> [REQUIREMENT]: What are the lines below, starting at the line containing "And that's about" and ending at the line containing "This diagnostic error"? Write them out exactly, ends included, without pictures.

> [EXTRACTED MATERIAL]:
________________________

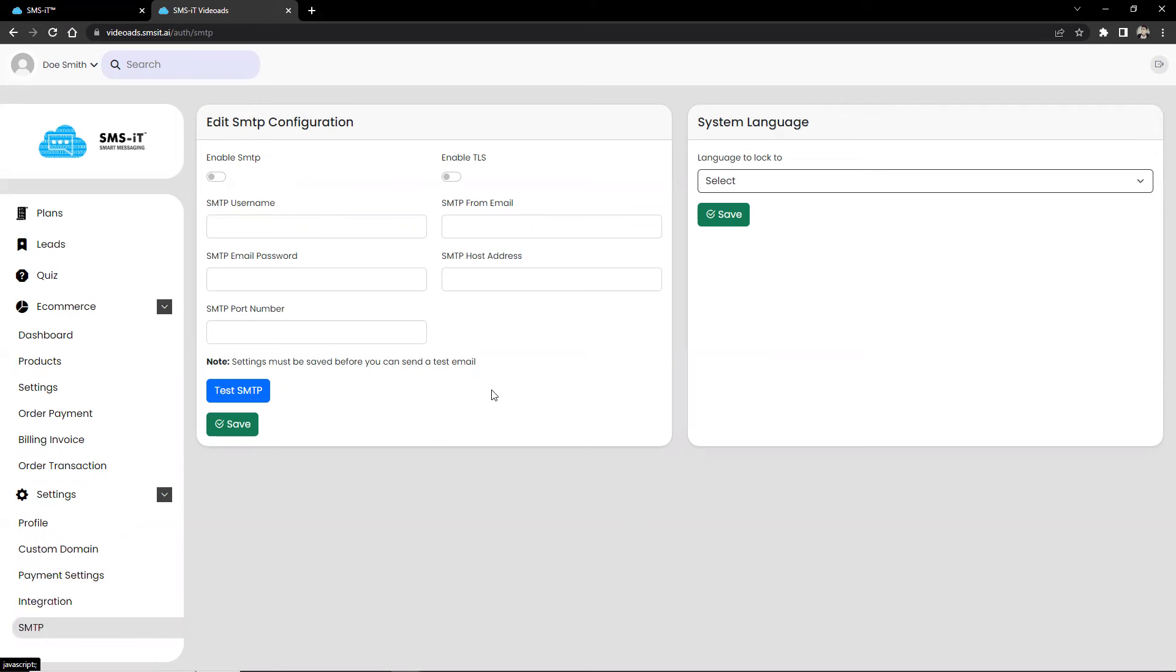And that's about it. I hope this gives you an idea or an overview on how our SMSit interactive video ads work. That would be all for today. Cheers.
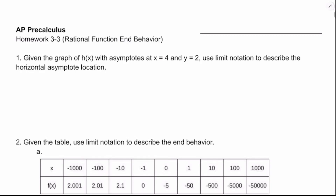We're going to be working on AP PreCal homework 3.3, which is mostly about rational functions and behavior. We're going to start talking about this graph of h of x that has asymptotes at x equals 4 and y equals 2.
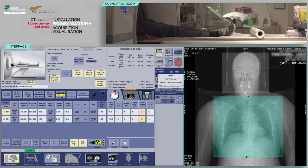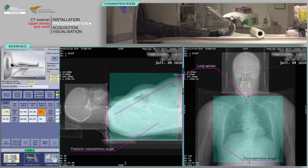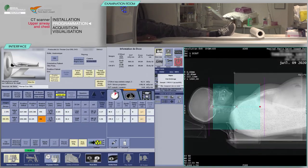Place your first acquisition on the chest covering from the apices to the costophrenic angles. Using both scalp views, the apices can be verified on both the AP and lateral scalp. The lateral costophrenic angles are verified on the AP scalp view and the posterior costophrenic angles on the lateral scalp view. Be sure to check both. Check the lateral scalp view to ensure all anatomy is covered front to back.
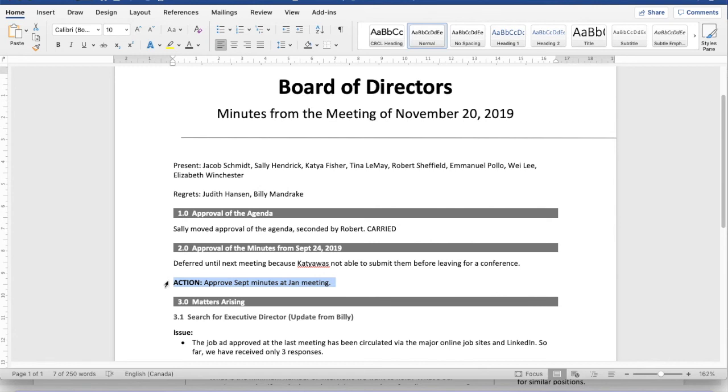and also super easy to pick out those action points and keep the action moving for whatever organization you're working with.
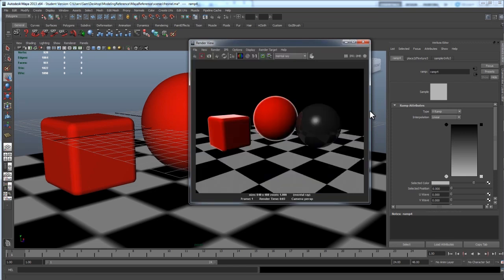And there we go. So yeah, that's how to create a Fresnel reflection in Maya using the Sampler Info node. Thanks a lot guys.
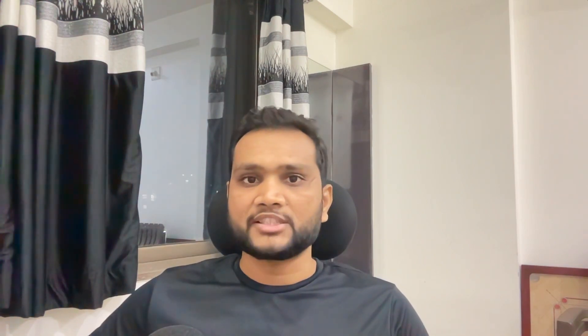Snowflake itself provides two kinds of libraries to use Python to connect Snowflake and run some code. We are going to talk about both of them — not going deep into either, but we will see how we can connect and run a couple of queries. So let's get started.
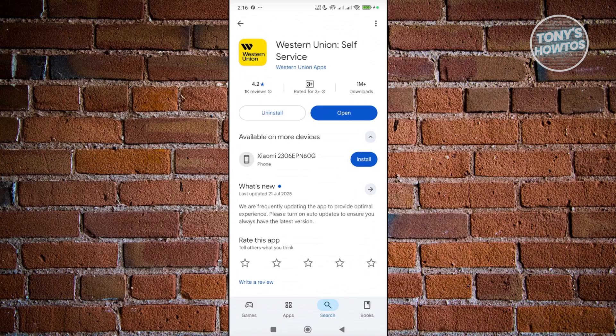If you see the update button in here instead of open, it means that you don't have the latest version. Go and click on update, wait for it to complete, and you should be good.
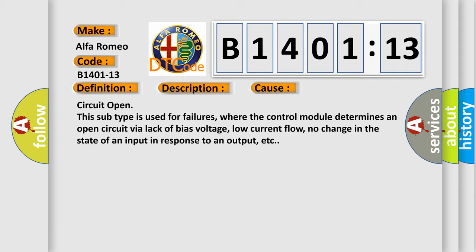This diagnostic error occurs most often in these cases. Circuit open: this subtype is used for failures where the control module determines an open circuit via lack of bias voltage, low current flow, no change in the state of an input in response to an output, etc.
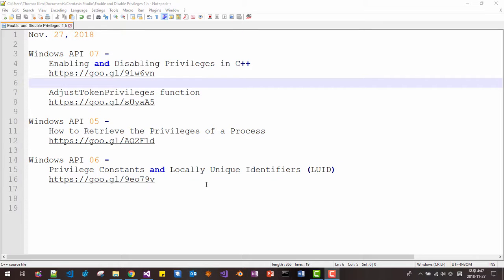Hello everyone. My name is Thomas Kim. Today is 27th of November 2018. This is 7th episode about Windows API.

________________________

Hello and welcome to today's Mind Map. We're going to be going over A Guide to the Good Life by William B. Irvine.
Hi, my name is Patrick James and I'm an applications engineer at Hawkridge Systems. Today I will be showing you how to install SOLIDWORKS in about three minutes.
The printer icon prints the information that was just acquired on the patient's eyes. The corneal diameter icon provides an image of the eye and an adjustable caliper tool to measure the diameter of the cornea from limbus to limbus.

________________________

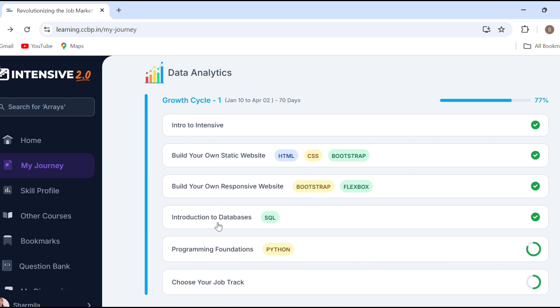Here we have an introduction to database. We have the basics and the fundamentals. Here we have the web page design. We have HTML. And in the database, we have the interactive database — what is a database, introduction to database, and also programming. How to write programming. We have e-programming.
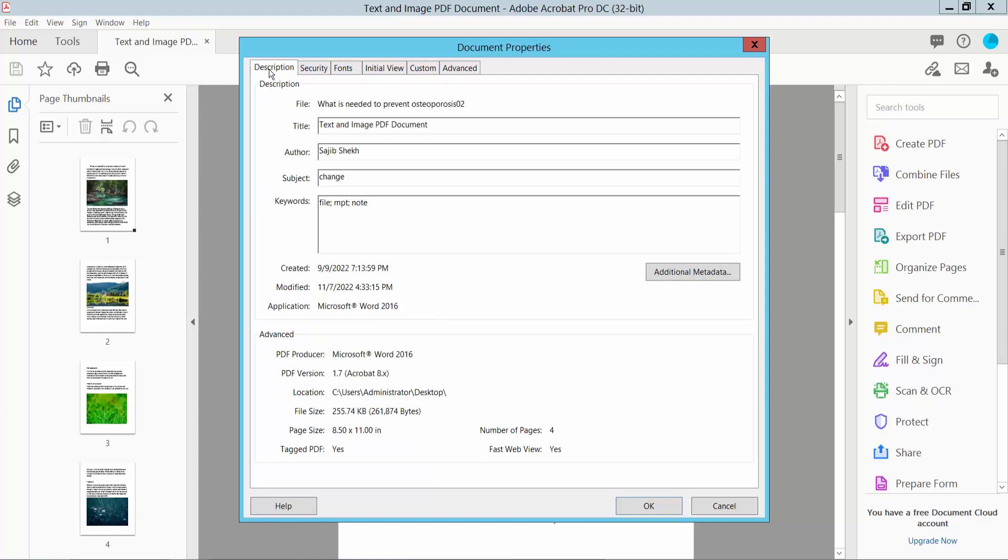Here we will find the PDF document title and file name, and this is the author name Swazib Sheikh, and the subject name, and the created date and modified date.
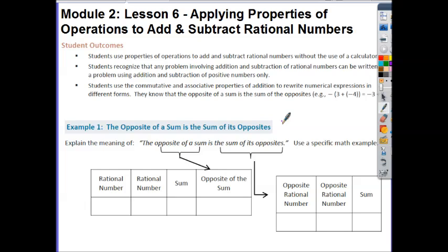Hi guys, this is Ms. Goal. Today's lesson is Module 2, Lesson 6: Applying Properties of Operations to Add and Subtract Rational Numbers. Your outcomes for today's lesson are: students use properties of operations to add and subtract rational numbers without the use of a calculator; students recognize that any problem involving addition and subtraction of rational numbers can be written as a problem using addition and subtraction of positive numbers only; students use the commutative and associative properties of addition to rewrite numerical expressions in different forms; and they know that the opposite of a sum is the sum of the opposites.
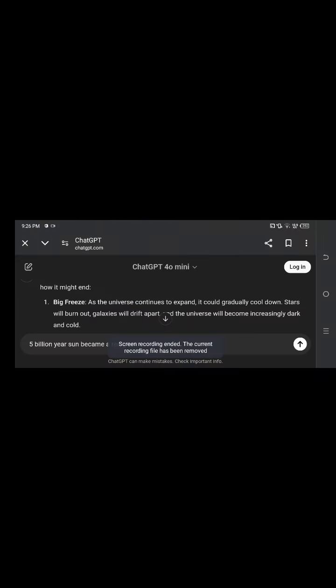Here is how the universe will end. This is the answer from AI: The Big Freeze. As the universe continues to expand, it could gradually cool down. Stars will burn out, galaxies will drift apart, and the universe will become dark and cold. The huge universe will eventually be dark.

________________________

> [WRITTEN RESPONSE]:
And that's about it. I hope this gives you an idea or an overview on how our SMSit interactive video ads work. That would be all for today. Cheers.
We're going to be working on AP PreCal homework 3.3, which is mostly about rational functions and behavior. We're going to start talking about this graph of h of x that has asymptotes at x equals 4 and y equals 2.
Place your first acquisition on the chest covering from the apices to the costophrenic angles. Using both scalp views, the apices can be verified on both the AP and lateral scalp. The lateral costophrenic angles are verified on the AP scalp view and the posterior costophrenic angles on the lateral scalp view. Be sure to check both. Check the lateral scalp view to ensure all anatomy is covered front to back.
and also super easy to pick out those action points and keep the action moving for whatever organization you're working with.
And there we go. So yeah, that's how to create a Fresnel reflection in Maya using the Sampler Info node. Thanks a lot guys.
Snowflake itself provides two kinds of libraries to use Python to connect Snowflake and run some code. We are going to talk about both of them — not going deep into either, but we will see how we can connect and run a couple of queries. So let's get started.
If you see the update button in here instead of open, it means that you don't have the latest version. Go and click on update, wait for it to complete, and you should be good.
This diagnostic error occurs most often in these cases. Circuit open: this subtype is used for failures where the control module determines an open circuit via lack of bias voltage, low current flow, no change in the state of an input in response to an output, etc.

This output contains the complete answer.